While it may be unrealistic for all divorces to be seamless and without controversy, divorces in general fall into two categories – contested and uncontested. With a "contested" divorce, the parties either disagree on the terms of the divorce or on getting a divorce in the first place. But, since Kentucky is a "no-fault" divorce state, anyone can obtain a divorce based on the grounds of irretrievable breakdown; therefore, the majority of contested divorces are adversarial because of the terms of the divorce.
Uncontested divorces are the opposite since the divorcing parties manage to compromise on the terms of the divorce and part their separate ways. The typical uncontested divorce will proceed through the courts system faster, it will be less complicated, and more affordable than a contested divorce.
In the vast majority of contested cases, the parties will enter into a contested divorce over hotly contested issues such as child custody or property division, but before trial will reach an agreement on the disputed terms of the divorce; this is called the settlement.
One of the greatest advantages of a settlement is that neither spouse appeals it because they have both agreed to it and are presumably satisfied with the arrangement. Once both sides have reached a settlement, they are assured of the finality of the arrangement and litigation can end. If you are able to reach a settlement with your spouse, it's essential that you have your settlement agreement made so that it's legally binding and enforceable, because you can't afford to go off of your ex's verbal agreements alone!

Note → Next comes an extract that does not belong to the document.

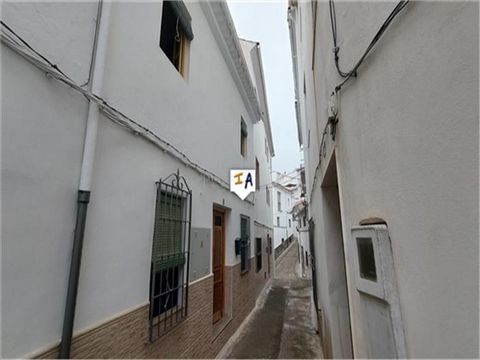This 138m2 build 3 bedroom townhouse is situated in popular Castillo de Locubin close to the historical city of Alcala la Real in the south of Jaen province in Andalucia, Spain. Being sold part furnished for 44,000 euros it is ready to move into and ...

Judges and attorneys in general prefer to settle out of court in an uncontested fashion; therefore, if you and your spouse are having great difficulty agreeing on the terms of your divorce, your lawyers will help you reach an agreement if at all possible. Hopefully you will not wind up going down this path, but to be realistic sometimes when a party has an unreasonable spouse, it's unavoidable. Regardless of the nature of your relationship with your soon to be ex-spouse, it's important to understand that uncontested divorces can turn contested and vice versa since the path of separation and divorce can take many unexpected turns.